I bring up Storm simply as a way of pointing out the clear comic book inspiration that Gideon clearly originates from. Though still human, Gideon has become almost a superman over the four books he has appeared. Though beaten, he always perseveres, does what it takes to survive and win the day. Dickey actually acknowledges his comic book influences in the bakc of Resurrecting Midnight, mention crime and superhero writers like Ed Brubaker, Brian Azzarello, Frank Miller, and Garth Ennis. He also shows it in the casual mentions of characters and locations from many of his other novels. The Gideon novels actually extends out of a previous set of character’s from his novel Thieves Paradise so I guess you can say this brings it altogether.

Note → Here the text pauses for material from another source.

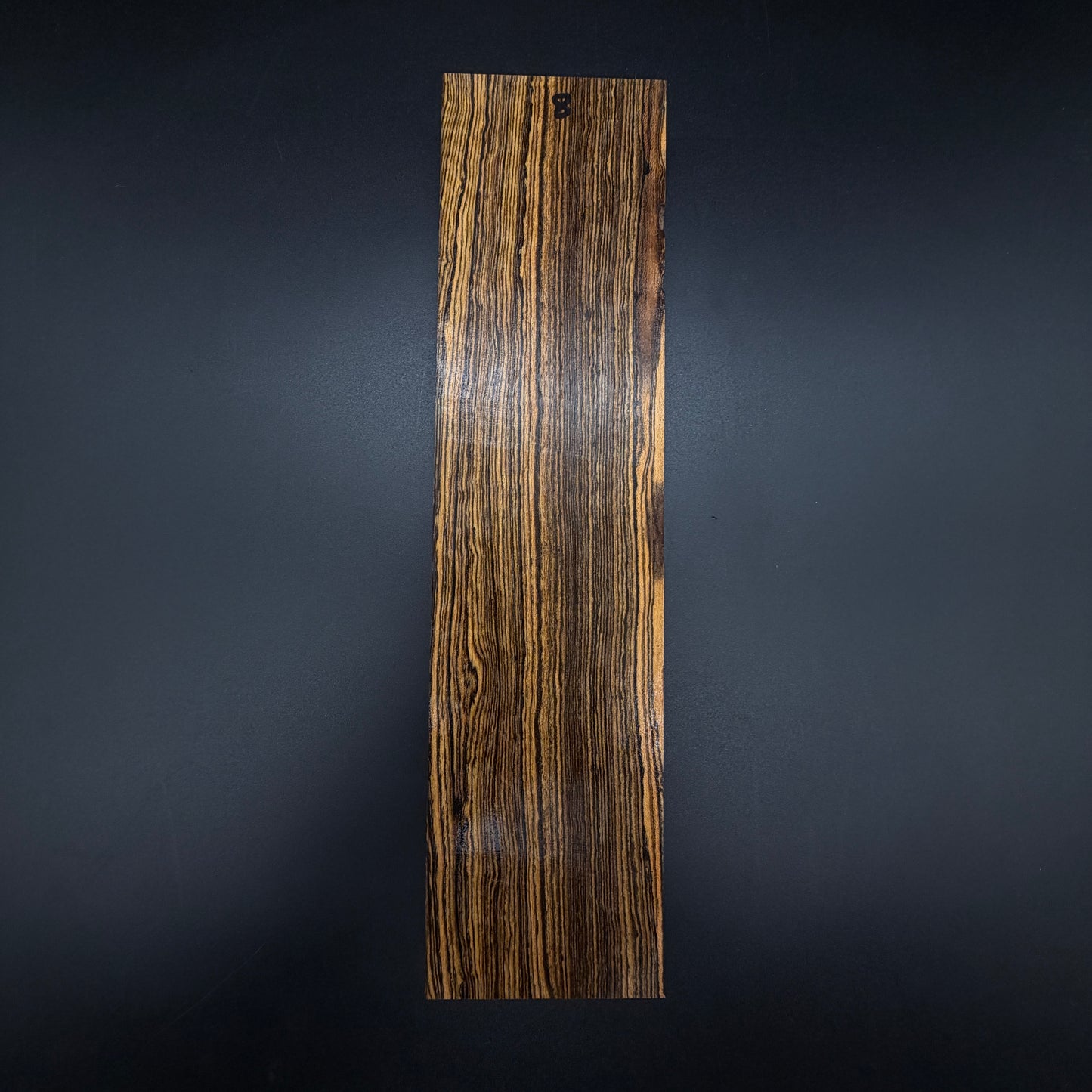 Bocote - Custom Wood Selection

I could also argue Resurrecting Midnight’s pulp influences. Gideon is clearly a descendant of morally ambiguous characters from Arsene Lupin to The Avenger. He seems to want to do the right thing, even when his profession constantly forces him in to a path of murder and destruction. There essentially lies the conflict deep in Gideon’s soul that Dickey has played out over four novels.

This novel takes the character and his extended supporting cast farther down the path tread by the previous three books, even as Gideon is drawn by his old friend and lover Arizona in to a bloodbath in Argentina. In the process, he meets Medianoche, the resurrected Midnight of the title, and learns that the enemy assassin has far closer ties to him than Gideon could ever believe. Gideon ends up once again embroiled in a world of sex and violence, two things Dickey can write better than many other authors.

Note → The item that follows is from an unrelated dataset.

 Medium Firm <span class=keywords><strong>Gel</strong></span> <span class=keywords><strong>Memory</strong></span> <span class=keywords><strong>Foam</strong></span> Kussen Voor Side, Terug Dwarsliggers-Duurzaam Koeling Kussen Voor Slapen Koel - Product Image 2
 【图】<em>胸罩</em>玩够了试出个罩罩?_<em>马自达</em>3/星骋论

My praise heaped on already, I will get at the flaws of the novel. I have to limit the plot synopsis to one paragraph for a very important reason: without reading Sleeping With Strangers, Waking With Enemies, and Dying For Revenge any reader would be utterly lost by Resurrecting Midnight. Any details of the plot are just building on previous established character interactions but for the added new enemies in Medianoche and the Four Horsemen. While Dickey created a great character with Gideon, his continuing adventures are anything but new reader friendly. Much like Sleeping With Strangers (a novel designed as a beginning of a duology), Resurrecting Midnight also ends on a far two open ended note, especially when its been a year without a sequel (and his newest book Tempted By Trouble a new standalone). It would be one thing if we were left with a solid place to stop, but instead the reader is pretty much hanging along with all of Gideon’s life.

Still none of that takes away from how good Eric Jerome Dickey is at what he brings to the page here. Very few modern authors can combine sex, violence, action, and dialogue as beautifully as Dickey puts it on the page. Much like Stephen King, I find a lot to study in just the formation of the words he puts on the page.

In case you don’t know it yet, Resurrecting Midnight (and the three novels that come before it) comes Highly Recommended,. Whether a fan of the pulps or the supers, you will find something to love in these pages.

Friday, August 20, 2010

Super-Powered Prose: Nobody Gets the Girl by James Maxey

I am wholly unfamiliar with the works of James Maxey. Apparently, he’s the official Dragon Age novelist, but I would never know he existed if it wasn’t for the recommended reading page on Amazon. It’s from there that I discovered his first novel Nobody Gets the Girl. Behind a lackluster cover penciled by famed inker Bob Wiacek, we get a decidedly super-powered novel.

Jim Shooter, strangely called James here for one of the few times I remember, provides a highly unnecessary introduction to talk about Maxey’s work here before we get to the meat of the story.

The alliteratively named Richard Rogers is just a normal guy albeit one with dreams of being a stand up comic. He’s in an unhappy marriage, doesn’t like where his life is going, and seems to be sinking in to a wave of depression.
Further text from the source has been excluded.